- [WHAT TO DO]:
Set the data down exactly as it stands, and keep its pictures out.

##############################

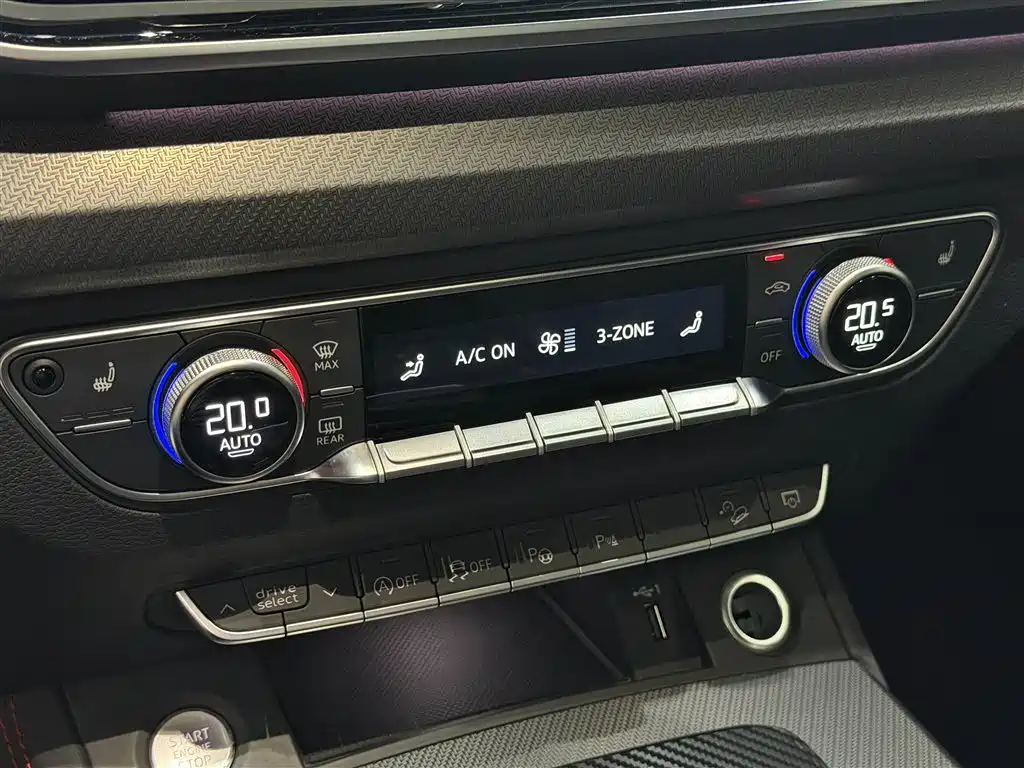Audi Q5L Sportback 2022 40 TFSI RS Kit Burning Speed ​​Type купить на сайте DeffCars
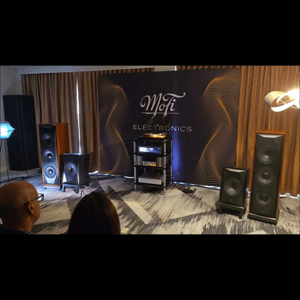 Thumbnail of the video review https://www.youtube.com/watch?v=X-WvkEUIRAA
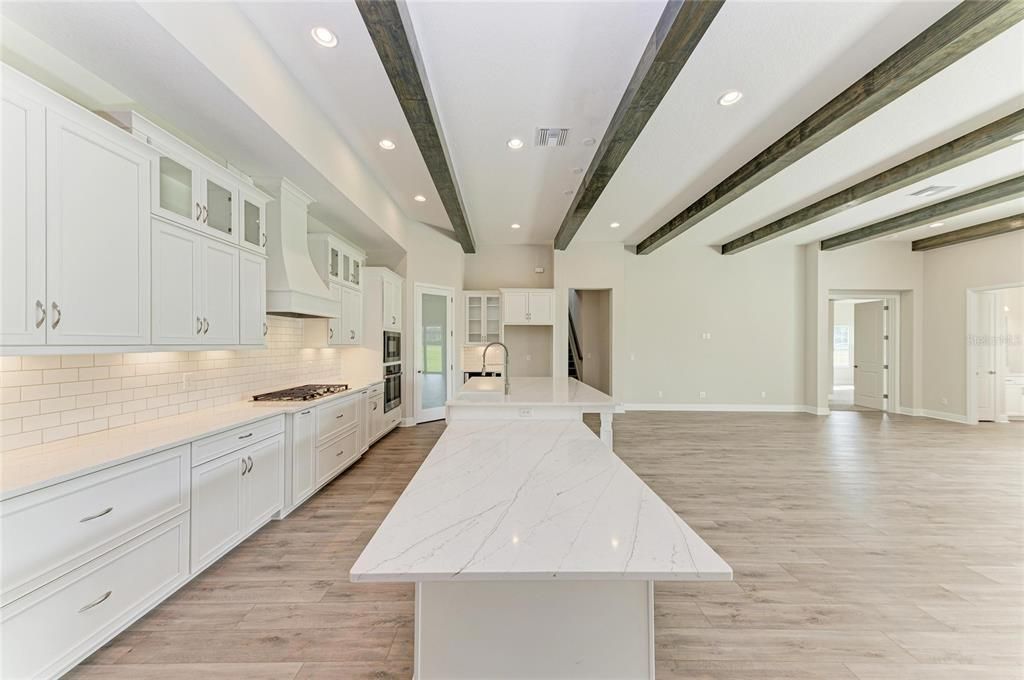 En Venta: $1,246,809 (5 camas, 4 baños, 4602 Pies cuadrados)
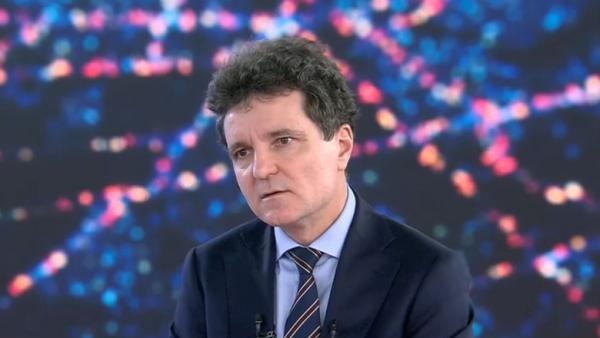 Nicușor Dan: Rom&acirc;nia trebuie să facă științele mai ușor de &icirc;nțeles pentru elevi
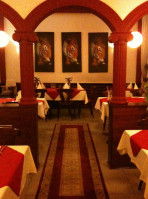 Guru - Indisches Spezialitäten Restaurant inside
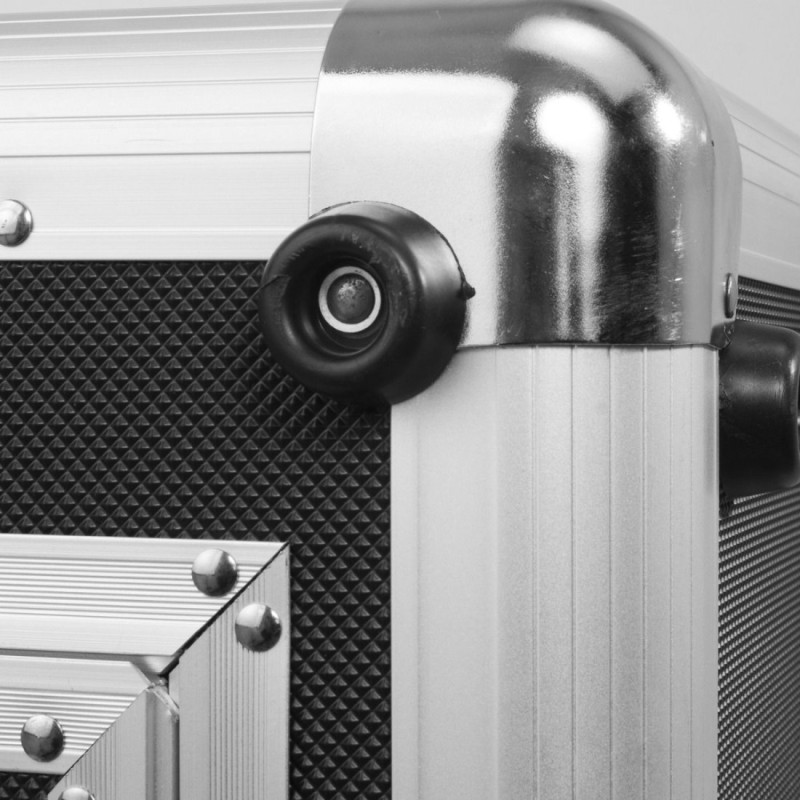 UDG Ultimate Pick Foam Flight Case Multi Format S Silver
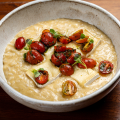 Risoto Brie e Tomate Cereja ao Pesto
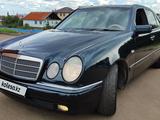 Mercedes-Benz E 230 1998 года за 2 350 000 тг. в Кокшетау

##############################

- [RESPONSE TO THE EXERCISE]:
Audi Q5L Sportback 2022 40 TFSI RS Kit Burning Speed ​​Type купить на сайте DeffCars
 Thumbnail of the video review https://www.youtube.com/watch?v=X-WvkEUIRAA
 En Venta: $1,246,809 (5 camas, 4 baños, 4602 Pies cuadrados)
 Nicușor Dan: Rom&acirc;nia trebuie să facă științele mai ușor de &icirc;nțeles pentru elevi
 Guru - Indisches Spezialitäten Restaurant inside
 UDG Ultimate Pick Foam Flight Case Multi Format S Silver
 Risoto Brie e Tomate Cereja ao Pesto
 Mercedes-Benz E 230 1998 года за 2 350 000 тг. в Кокшетау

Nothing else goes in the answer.